Calculates the horizontal mean of an image. Note: Image is assumed HORIZONTAL x VERTICAL.

Parameters:image (numpy.ndarray) – input image
Returns:
>>> horizontal_mean(np.array([[ 1,  2,  3,  4],
...                            [ 5,  6,  7,  8],
...                            [ 9, 10, 11, 12],
...                            [13, 14, 15, 16]]))
array([ 7.,  8.,  9., 10.])
molyso.generic.signal.normalize(data)[source]

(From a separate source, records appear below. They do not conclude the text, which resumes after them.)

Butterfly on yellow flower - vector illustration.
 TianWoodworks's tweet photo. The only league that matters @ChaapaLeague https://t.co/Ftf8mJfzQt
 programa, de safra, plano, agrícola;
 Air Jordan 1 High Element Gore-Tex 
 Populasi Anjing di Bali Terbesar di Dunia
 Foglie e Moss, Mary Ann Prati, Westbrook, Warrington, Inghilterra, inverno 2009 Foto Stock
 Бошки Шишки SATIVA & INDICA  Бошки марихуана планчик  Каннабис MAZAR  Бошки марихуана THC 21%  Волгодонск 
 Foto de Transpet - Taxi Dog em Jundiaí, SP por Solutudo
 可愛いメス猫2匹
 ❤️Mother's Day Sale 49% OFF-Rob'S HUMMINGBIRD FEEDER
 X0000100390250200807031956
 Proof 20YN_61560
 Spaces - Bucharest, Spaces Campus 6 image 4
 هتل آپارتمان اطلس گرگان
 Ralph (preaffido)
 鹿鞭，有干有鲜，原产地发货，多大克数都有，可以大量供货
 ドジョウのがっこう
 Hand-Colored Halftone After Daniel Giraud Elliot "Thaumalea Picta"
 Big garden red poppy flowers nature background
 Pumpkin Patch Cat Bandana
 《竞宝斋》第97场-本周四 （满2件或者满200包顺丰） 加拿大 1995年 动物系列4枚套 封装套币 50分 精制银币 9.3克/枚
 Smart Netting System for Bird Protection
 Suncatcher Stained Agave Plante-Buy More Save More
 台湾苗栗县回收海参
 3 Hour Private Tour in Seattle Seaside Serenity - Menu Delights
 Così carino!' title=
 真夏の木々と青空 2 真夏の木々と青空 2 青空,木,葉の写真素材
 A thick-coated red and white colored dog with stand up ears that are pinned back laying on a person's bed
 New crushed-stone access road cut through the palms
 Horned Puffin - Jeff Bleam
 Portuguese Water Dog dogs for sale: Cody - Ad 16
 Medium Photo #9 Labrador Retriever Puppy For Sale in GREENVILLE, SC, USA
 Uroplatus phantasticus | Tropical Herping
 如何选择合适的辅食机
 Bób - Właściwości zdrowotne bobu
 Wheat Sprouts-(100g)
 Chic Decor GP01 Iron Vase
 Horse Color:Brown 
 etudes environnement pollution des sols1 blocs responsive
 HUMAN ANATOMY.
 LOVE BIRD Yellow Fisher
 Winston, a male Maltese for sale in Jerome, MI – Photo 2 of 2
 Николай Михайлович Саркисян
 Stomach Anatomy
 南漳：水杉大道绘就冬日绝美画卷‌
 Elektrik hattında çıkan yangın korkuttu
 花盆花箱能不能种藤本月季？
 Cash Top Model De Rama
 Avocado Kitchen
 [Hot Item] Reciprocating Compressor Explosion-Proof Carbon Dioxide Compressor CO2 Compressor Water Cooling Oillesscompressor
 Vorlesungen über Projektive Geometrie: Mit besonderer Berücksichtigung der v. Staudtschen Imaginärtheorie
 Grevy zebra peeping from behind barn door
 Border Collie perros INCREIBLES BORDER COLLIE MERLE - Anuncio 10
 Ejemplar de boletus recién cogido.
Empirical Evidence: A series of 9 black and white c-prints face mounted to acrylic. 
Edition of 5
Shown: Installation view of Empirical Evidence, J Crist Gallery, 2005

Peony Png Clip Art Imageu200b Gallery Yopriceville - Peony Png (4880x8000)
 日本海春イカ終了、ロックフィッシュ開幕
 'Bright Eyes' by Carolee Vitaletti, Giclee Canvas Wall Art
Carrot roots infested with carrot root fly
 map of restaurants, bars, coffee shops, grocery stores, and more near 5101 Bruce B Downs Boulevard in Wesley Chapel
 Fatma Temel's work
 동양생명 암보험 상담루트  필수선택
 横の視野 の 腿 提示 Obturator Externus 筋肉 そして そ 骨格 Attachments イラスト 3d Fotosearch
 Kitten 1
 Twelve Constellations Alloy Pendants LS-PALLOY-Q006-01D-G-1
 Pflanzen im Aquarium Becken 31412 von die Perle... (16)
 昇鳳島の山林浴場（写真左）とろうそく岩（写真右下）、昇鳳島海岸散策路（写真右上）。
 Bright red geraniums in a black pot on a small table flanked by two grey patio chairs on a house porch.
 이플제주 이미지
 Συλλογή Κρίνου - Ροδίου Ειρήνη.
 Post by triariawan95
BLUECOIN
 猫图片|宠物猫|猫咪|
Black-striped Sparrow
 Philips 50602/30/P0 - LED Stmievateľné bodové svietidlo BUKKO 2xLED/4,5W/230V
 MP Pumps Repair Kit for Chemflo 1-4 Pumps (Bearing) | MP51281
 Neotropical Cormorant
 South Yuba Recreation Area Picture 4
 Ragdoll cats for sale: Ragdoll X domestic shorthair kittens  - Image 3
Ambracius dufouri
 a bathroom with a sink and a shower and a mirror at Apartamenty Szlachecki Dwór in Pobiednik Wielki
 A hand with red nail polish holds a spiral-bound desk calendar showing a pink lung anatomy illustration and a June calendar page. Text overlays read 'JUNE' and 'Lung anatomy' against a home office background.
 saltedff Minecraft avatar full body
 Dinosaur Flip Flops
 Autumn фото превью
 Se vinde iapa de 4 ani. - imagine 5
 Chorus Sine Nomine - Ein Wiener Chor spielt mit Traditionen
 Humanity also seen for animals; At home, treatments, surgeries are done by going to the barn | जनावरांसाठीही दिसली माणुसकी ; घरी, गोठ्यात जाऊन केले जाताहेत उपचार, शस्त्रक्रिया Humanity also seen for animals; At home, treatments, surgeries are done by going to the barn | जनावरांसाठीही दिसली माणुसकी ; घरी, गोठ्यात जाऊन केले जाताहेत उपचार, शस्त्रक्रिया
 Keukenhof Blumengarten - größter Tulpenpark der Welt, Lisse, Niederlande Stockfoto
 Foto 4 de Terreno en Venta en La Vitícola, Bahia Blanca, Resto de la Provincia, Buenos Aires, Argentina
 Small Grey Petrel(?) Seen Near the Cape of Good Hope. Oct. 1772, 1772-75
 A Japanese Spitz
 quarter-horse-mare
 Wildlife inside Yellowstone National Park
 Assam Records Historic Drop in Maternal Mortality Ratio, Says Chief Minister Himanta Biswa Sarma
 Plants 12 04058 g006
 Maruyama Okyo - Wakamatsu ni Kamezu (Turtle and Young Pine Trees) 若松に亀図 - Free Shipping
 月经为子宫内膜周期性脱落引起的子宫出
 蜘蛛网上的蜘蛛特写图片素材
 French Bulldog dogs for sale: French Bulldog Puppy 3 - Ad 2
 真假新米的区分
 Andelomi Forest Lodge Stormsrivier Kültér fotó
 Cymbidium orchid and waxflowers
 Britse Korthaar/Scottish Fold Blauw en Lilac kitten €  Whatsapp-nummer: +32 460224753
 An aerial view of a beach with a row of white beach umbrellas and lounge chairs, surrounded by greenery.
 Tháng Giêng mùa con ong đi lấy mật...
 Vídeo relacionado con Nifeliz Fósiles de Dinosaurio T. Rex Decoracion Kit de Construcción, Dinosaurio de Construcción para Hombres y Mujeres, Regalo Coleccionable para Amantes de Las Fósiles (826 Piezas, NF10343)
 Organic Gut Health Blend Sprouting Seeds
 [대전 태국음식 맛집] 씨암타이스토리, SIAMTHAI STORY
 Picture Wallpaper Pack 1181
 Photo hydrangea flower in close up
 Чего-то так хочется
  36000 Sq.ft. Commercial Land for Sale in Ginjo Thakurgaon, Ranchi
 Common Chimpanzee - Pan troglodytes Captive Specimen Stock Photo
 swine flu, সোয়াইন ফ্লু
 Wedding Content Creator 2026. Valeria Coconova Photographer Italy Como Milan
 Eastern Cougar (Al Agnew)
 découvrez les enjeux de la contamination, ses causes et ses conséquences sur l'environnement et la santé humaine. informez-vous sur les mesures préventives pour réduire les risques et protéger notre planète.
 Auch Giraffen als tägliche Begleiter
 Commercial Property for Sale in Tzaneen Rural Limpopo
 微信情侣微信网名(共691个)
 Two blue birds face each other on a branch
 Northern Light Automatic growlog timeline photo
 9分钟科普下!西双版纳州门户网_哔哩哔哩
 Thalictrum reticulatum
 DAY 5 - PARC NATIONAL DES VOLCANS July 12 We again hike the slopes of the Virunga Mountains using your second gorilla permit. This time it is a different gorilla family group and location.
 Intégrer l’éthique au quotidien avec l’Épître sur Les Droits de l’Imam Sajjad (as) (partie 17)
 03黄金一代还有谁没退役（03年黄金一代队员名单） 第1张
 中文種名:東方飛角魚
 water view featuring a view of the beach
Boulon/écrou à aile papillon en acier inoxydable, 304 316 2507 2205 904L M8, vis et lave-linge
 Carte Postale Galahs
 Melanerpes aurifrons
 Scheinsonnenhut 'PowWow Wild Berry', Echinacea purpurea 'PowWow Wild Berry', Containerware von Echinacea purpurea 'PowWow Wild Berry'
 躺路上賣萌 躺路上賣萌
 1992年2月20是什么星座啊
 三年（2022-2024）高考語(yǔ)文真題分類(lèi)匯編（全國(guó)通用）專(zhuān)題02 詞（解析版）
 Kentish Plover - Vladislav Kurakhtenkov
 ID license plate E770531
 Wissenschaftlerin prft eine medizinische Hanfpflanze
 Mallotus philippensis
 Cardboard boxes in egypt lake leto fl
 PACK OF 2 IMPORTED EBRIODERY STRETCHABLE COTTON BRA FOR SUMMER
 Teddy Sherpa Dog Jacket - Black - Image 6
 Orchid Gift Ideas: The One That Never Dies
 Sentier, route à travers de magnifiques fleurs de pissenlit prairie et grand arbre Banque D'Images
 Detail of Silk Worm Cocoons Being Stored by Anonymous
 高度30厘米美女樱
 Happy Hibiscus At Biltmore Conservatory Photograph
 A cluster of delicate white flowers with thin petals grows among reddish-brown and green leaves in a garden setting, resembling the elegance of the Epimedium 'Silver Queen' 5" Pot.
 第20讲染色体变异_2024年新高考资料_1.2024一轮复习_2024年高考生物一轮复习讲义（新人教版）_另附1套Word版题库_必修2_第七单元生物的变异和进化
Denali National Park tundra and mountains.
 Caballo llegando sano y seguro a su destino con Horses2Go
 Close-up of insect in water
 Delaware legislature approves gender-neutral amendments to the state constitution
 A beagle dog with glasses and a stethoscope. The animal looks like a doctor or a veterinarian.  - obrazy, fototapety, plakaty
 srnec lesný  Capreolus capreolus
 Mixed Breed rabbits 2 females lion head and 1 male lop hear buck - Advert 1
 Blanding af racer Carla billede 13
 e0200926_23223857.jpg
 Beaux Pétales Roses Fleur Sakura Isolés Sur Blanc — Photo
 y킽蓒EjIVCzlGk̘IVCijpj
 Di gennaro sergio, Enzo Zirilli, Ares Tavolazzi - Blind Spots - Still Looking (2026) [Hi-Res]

normalizes the values in arr to 0 - 1

Parameters:data – input array
Returns:normalized array
>>> normalize(np.array([0, 1, 2, 3, 4, 5, 6, 7, 8, 9, 10]))
array([0. , 0.1, 0.2, 0.3, 0.4, 0.5, 0.6, 0.7, 0.8, 0.9, 1. ])
>>> normalize(np.array([10, 15, 20]))
array([0. , 0.5, 1. ])
molyso.generic.signal.one_every_n(length, n=1, shift=0)[source]
Parameters:
  • length
  • n
  • shift
Returns:

>>> one_every_n(10, n=2, shift=0)
array([1., 0., 1., 0., 1., 0., 1., 0., 1., 0.])
>>> one_every_n(10, n=2, shift=1)
array([0., 1., 0., 1., 0., 1., 0., 1., 0., 1.])
>>> one_every_n(10, n=1, shift=0)
array([1., 1., 1., 1., 1., 1., 1., 1., 1., 1.])
molyso.generic.signal.outliers(data, times_std=2.0)[source]
Parameters:
  • data
  • times_std
Returns:

>>> outliers(np.array([10, 9, 11, 40, 8, 12, 14, 7]), times_std=1.0)
array([False, False, False,  True, False, False, False, False])
molyso.generic.signal.relative_maxima(signal, order=1)[source]
Parameters:
  • signal
  • order
Returns:

>>> relative_maxima(np.array([1, 2, 3, 2, 1, 0, 1, 2, 15, 2, -15, 2, 1]), 2)
array([2, 8])
molyso.generic.signal.relative_minima(signal, order=1)[source]
Parameters:
  • signal
  • order
Returns:

>>> relative_minima(np.array([1, 2, 3, 2, 1, 0, 1, 2, 15, 2, -15, 2, 1]), 2)
array([ 5, 10])
molyso.generic.signal.remove_outliers(data, times_std=2.0)[source]
Parameters:
  • data
  • times_std
Returns:

>>> remove_outliers(np.array([10, 9, 11, 40, 8, 12, 14, 7]), times_std=1.0)
array([10,  9, 11,  8, 12, 14,  7])
molyso.generic.signal.simple_baseline_correction(signal, window_width=None)[source]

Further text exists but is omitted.